Ms. Lissy earned a Bachelor’s degree in Public Policy from Duke University, and a Master’s in Public Health from the University of North Carolina at Chapel Hill.

Michael Mackay

Mr. Michael Mackay is an Information Sharing Developer for SEARCH, The National Consortium for Justice Information and Statistics. As part of the Software and Data Engineering Program (SDEP) team, he plans, develops, implements, and deploys information sharing systems on behalf of SEARCH clients in local, state, tribal, and Federal government settings. He also provides programming, configuration, and testing assistance, and consults on implementation architecture and design with clients. 

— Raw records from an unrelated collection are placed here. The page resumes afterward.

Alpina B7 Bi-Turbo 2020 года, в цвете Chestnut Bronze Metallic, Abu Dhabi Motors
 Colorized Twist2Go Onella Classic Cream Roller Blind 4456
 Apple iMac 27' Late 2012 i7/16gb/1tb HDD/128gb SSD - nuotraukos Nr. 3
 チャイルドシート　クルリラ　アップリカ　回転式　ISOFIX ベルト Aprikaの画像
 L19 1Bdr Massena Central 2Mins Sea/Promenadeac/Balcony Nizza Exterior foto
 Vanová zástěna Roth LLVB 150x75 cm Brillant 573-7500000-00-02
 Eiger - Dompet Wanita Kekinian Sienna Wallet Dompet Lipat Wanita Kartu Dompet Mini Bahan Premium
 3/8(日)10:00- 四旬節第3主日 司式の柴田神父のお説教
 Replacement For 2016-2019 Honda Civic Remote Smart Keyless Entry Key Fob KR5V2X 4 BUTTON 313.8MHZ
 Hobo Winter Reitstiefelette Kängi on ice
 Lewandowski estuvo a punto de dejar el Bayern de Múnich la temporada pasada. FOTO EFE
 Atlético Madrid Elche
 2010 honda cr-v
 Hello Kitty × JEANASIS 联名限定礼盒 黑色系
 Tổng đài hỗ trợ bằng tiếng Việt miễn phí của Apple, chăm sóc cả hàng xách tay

Mr. Mackay supports justice, public safety, and homeland security information sharing nationwide through SDEP services that include software architecture and systems design, application development, deployment and support, data management services, and direct technical assistance and training. These services offer capabilities that include federated query, authentication access/control, subscription/notification, process/workflow automation, data analysis, and more. 

Prior to joining SEARCH in 2021, Mr. Mackay worked as a Software Engineering Intern for TDM Business Toole Suite, where he provided software development support using Java frameworks, implemented relational database models using MySQL, and designed GUI components using NetBeans. 

Mr. Mackay will work in an Agile development environment, a methodology that SEARCH embraces that focuses on incremental development and delivery, collaboration in a team approach, and rapid and flexible response to change throughout the development cycle. 

Mr. Mackay earned a bachelor’s degree in Computer Science and Applied Mathematics and Statistics from Stony Brook University, New York.